*WHAT THE EXERCISE ASKS:* Exactly the lines from the line containing "Blue 2 Cups" through the final line of the entries below must be returned, and only those, without pictures.

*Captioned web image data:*
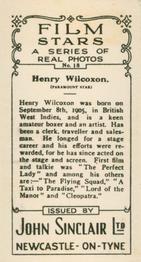1937 John Sinclair Film Stars #18 Henry Wilcoxon Back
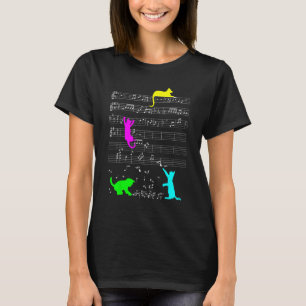 Süße Katze Kitty Noten Bunte Musiker Clef  T-Shirt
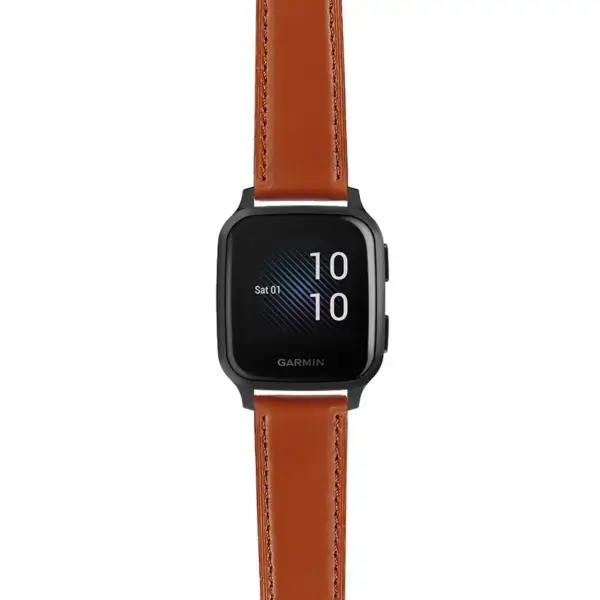 vsq.g.sw.l2.2 Main Brown DASSARI Smooth Italian Leather Strap 20mm Quick Release Watch Band For Garmin Venu Sq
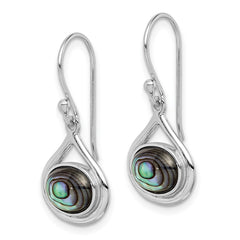 QE12351 Sterling Silver Rhodium-plated Polished Abalone Teardrop Dangle Earrings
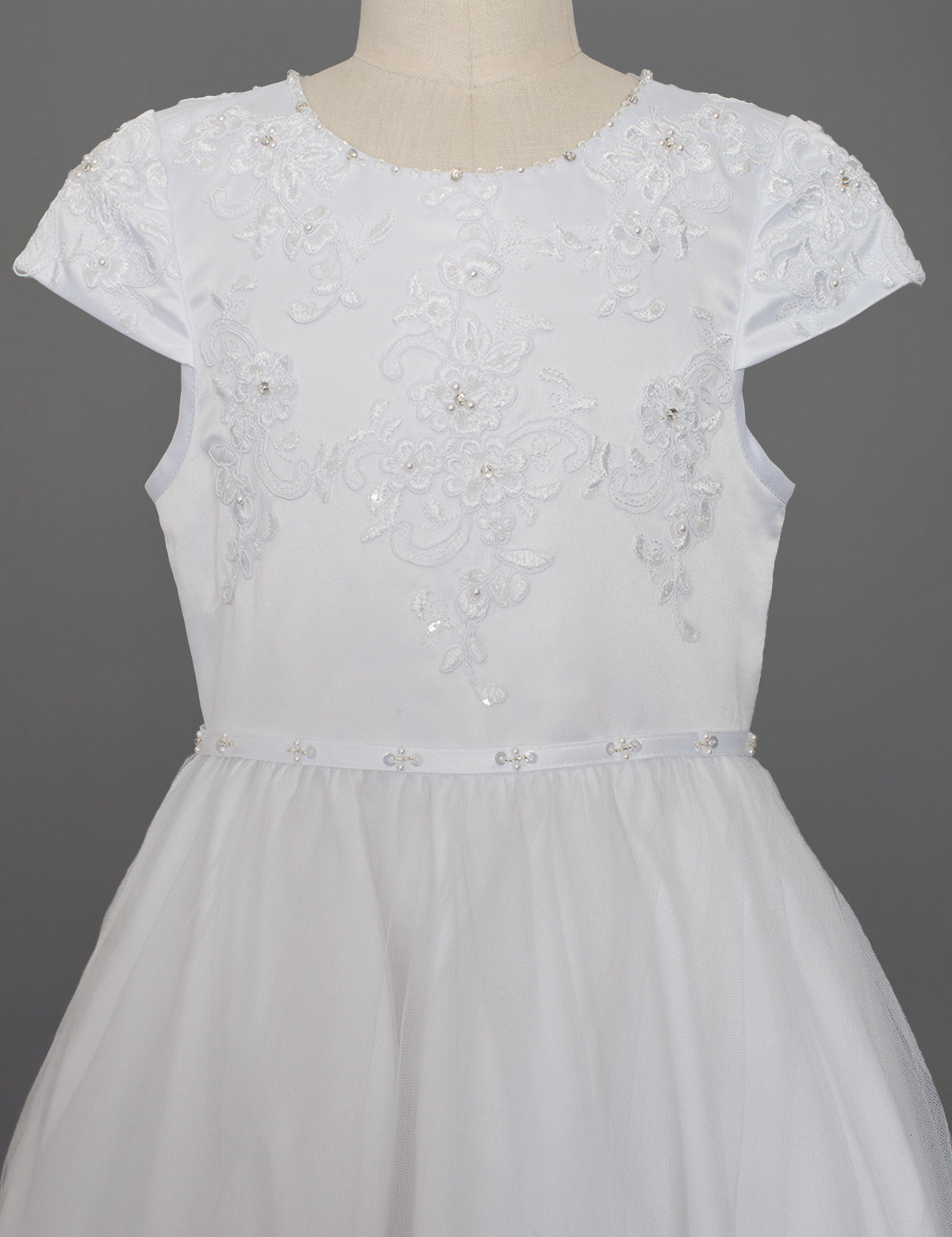 Satin Beaded Lace Bodice Dress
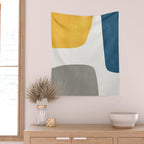 Blue & Yellow Gray Original Simple Artwork Wall Tapestry Gallery Image 2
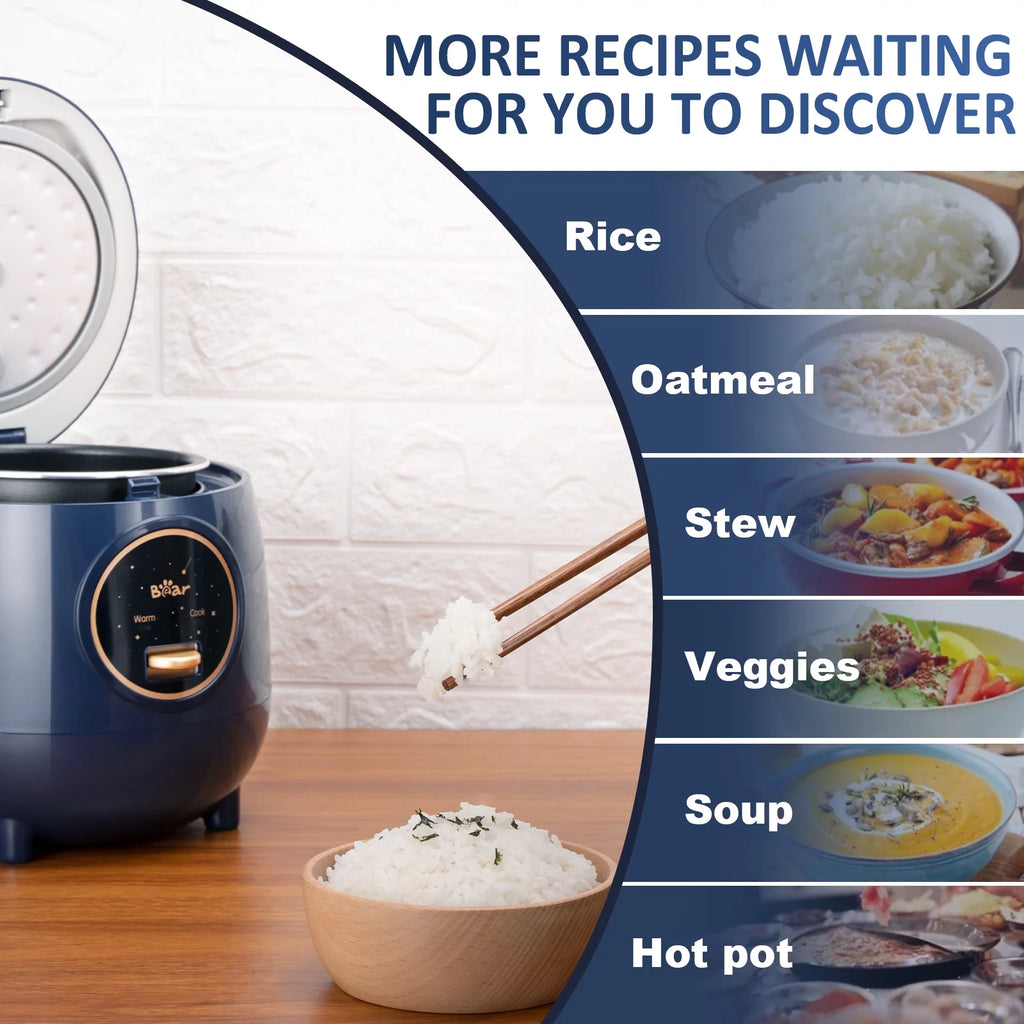 Blue 2 Cups Rice Cooker with Removable Nonstick Pot J709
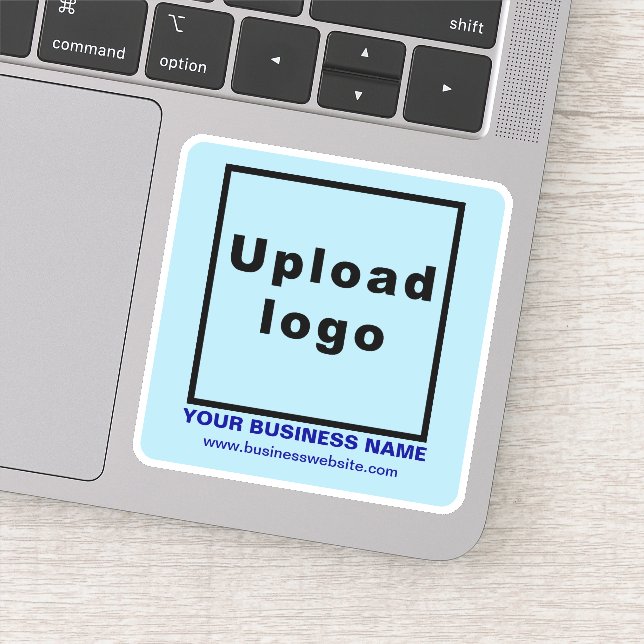 Business Website on Light Blue Square Vinyl (Detail)
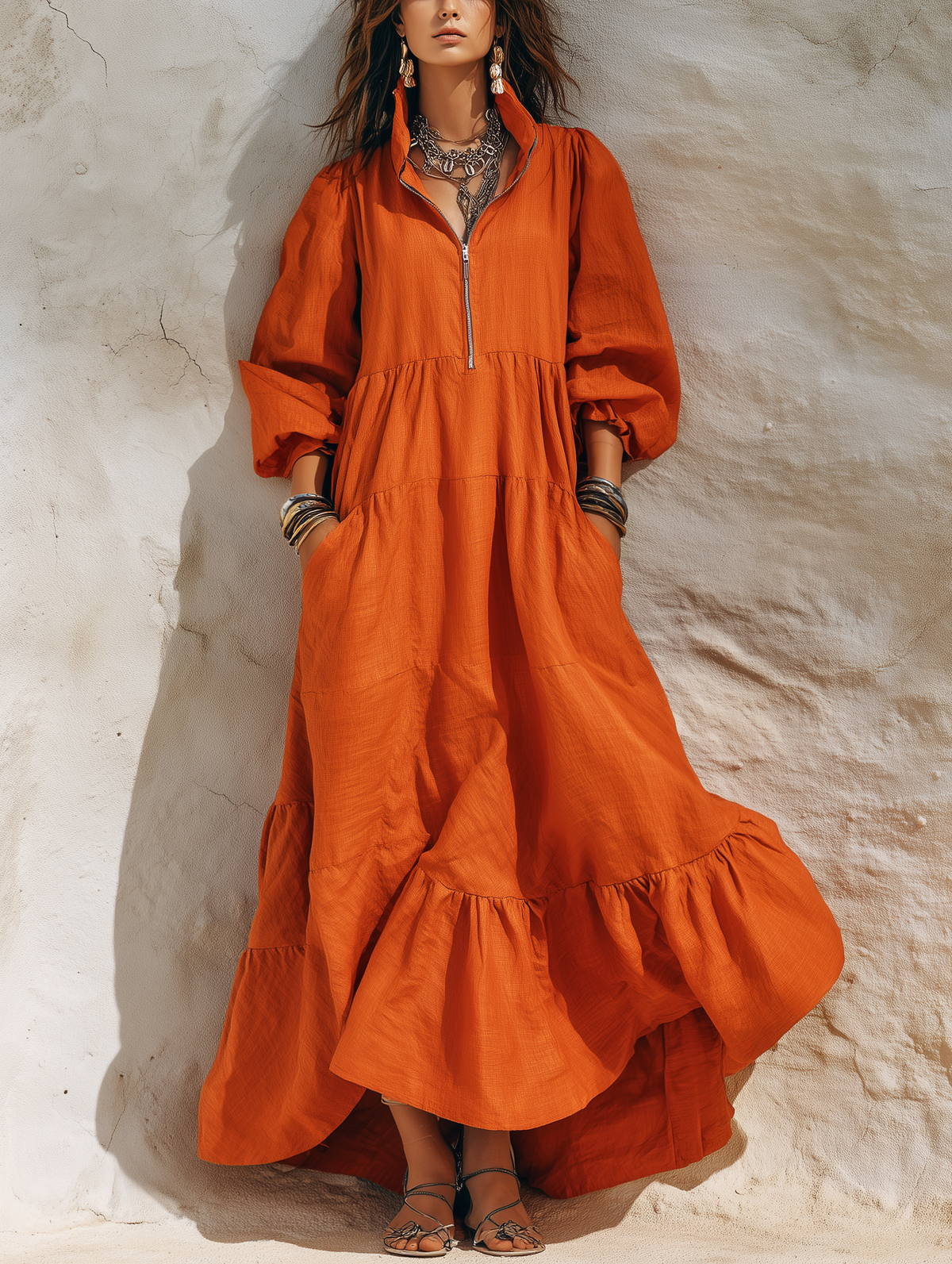 Ilaria Maria — Abito lungo in cotone e lino con mezza zip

*REPLY TO THE EXERCISE:*
 Blue 2 Cups Rice Cooker with Removable Nonstick Pot J709
 Business Website on Light Blue Square Vinyl (Detail)
 Ilaria Maria — Abito lungo in cotone e lino con mezza zip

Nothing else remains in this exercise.